1936 Conformation, Man o' War

This conformation shot was taken toward the end of Man o’ War’s stud career. Retiring from racing after his 1920 three-year-old season, he stood at stud for 22 years.

The first commentary below is featured in Turf writer B. K. Beckwith’s 1967 compilation Step and Go Together. The second, written by Frank Talmadge Phelps, appeared in the March 1960 issue of Turf and Sport Digest.


1936 Conformation, Man o' War


“Man o’ War possessed the most impressive dignity of any horse I’ve ever known…

"And there he stood, his head held high, looking over the crowd, and somehow you knew instinctively he was the greatest of them all. He was a being apart. It was almost a tangible thing, an aura of untouchable regality.

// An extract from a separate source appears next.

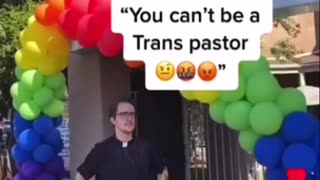 Trans pastor🥴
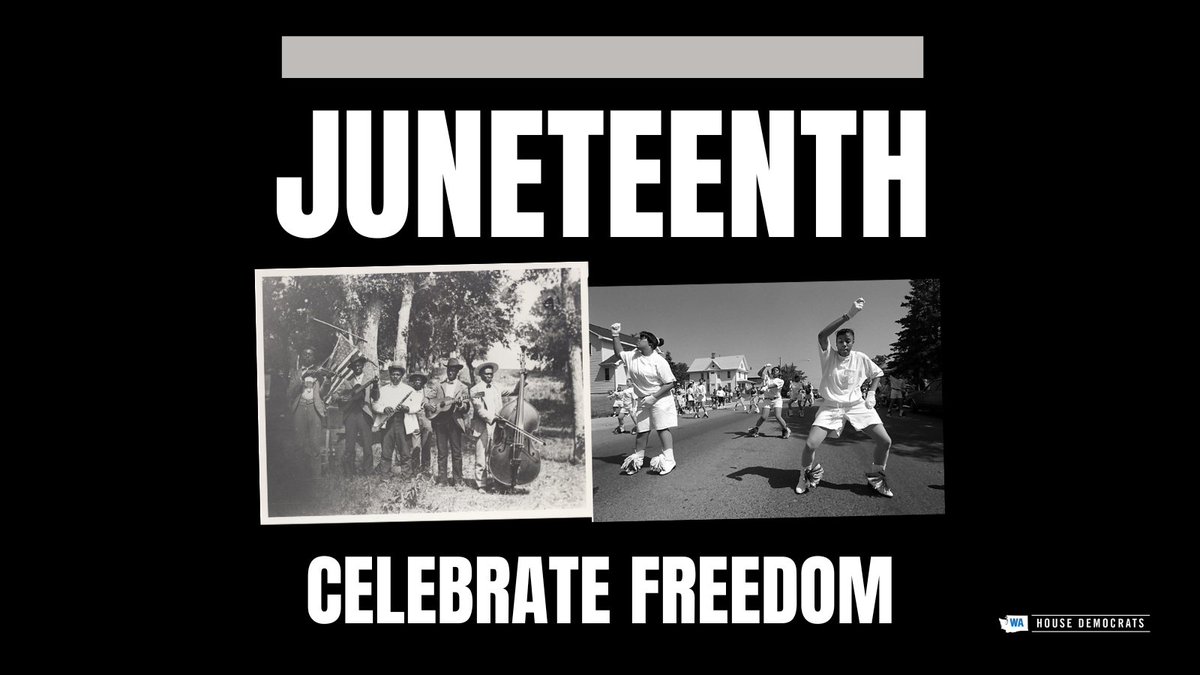 Today is #Juneteenth! AKA Jubilee Day, Freedom Day & Black Independence Day, today commemorates June 19, 1865, the day enslaved people in Galveston, TX, were finally informed of their freedom — 2 mths after the Civil War ended & 2+ yrs after the Emancipation Proclamation. #waleg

You would no more have thought of walking up and putting a hand on him than you would of casually poking the Queen of England in the ribs.”

- Brainerd Kellogg Beckwith, 19671

“He remained a magnificent specimen, even in old age when his flaming coat had faded and the dip in his back had deepened. He was a massive horse, weighing 1,370 pounds in his later years. And age could not hide his sweeping musculature, spacious chest and wide-forking, clean-cut underpinning; nor could it dim the ‘look of eagles’ in his eyes and the pride with which he held his head high.

"He had a presence of commanding majesty that automatically caused hats to be doffed and voices to be lowered when he appeared.”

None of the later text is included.